**DATA EXTRACT**:
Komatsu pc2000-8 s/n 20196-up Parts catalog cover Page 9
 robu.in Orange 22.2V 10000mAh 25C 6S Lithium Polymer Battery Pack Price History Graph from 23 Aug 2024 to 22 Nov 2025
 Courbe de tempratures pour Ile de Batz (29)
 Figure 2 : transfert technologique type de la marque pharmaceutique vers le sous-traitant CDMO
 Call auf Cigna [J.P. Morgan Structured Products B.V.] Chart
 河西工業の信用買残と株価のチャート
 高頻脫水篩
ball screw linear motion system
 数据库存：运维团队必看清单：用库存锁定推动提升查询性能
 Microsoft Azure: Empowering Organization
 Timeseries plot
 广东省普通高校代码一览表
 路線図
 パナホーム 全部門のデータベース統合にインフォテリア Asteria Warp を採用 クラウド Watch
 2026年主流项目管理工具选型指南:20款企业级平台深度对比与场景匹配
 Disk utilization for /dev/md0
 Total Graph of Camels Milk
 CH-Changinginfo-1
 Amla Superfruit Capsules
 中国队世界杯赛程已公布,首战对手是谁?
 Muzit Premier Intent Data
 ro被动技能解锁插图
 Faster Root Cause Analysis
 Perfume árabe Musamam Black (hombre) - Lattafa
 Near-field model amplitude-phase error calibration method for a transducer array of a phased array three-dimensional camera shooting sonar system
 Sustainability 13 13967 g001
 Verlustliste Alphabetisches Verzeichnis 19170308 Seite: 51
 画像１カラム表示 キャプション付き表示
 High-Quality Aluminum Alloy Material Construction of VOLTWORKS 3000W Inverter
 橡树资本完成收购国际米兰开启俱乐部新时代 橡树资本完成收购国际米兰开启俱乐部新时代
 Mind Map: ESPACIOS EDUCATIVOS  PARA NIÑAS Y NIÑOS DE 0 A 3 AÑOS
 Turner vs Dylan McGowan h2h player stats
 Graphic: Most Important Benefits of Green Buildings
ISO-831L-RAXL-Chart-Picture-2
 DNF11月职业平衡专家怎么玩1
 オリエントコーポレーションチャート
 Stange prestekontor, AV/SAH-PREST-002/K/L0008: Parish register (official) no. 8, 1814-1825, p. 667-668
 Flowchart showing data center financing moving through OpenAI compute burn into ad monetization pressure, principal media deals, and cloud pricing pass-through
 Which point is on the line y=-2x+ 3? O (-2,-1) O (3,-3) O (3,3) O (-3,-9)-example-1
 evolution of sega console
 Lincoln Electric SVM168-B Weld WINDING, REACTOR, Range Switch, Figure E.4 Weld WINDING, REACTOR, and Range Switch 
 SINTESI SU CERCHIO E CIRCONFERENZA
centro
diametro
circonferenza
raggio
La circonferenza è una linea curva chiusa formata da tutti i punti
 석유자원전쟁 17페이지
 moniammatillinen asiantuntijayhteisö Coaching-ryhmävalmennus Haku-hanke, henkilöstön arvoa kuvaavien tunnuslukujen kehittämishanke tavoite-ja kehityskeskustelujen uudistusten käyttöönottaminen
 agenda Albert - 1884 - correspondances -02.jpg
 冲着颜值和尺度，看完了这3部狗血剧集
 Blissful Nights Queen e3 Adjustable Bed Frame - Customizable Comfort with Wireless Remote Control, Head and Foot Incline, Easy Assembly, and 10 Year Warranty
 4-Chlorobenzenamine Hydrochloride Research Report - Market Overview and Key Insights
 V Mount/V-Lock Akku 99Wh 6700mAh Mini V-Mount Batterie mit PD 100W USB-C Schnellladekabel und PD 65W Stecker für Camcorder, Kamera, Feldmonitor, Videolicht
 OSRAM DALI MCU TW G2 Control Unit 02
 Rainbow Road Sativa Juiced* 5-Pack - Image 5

**PROBLEM STATEMENT**: Repeat exactly the lines of the data from the first one through the line with "オリエントコーポレーションチャート", both of them included.

**ANSWER TO THIS EXERCISE**:
Komatsu pc2000-8 s/n 20196-up Parts catalog cover Page 9
 robu.in Orange 22.2V 10000mAh 25C 6S Lithium Polymer Battery Pack Price History Graph from 23 Aug 2024 to 22 Nov 2025
 Courbe de tempratures pour Ile de Batz (29)
 Figure 2 : transfert technologique type de la marque pharmaceutique vers le sous-traitant CDMO
 Call auf Cigna [J.P. Morgan Structured Products B.V.] Chart
 河西工業の信用買残と株価のチャート
 高頻脫水篩
ball screw linear motion system
 数据库存：运维团队必看清单：用库存锁定推动提升查询性能
 Microsoft Azure: Empowering Organization
 Timeseries plot
 广东省普通高校代码一览表
 路線図
 パナホーム 全部門のデータベース統合にインフォテリア Asteria Warp を採用 クラウド Watch
 2026年主流项目管理工具选型指南:20款企业级平台深度对比与场景匹配
 Disk utilization for /dev/md0
 Total Graph of Camels Milk
 CH-Changinginfo-1
 Amla Superfruit Capsules
 中国队世界杯赛程已公布,首战对手是谁?
 Muzit Premier Intent Data
 ro被动技能解锁插图
 Faster Root Cause Analysis
 Perfume árabe Musamam Black (hombre) - Lattafa
 Near-field model amplitude-phase error calibration method for a transducer array of a phased array three-dimensional camera shooting sonar system
 Sustainability 13 13967 g001
 Verlustliste Alphabetisches Verzeichnis 19170308 Seite: 51
 画像１カラム表示 キャプション付き表示
 High-Quality Aluminum Alloy Material Construction of VOLTWORKS 3000W Inverter
 橡树资本完成收购国际米兰开启俱乐部新时代 橡树资本完成收购国际米兰开启俱乐部新时代
 Mind Map: ESPACIOS EDUCATIVOS  PARA NIÑAS Y NIÑOS DE 0 A 3 AÑOS
 Turner vs Dylan McGowan h2h player stats
 Graphic: Most Important Benefits of Green Buildings
ISO-831L-RAXL-Chart-Picture-2
 DNF11月职业平衡专家怎么玩1
 オリエントコーポレーションチャート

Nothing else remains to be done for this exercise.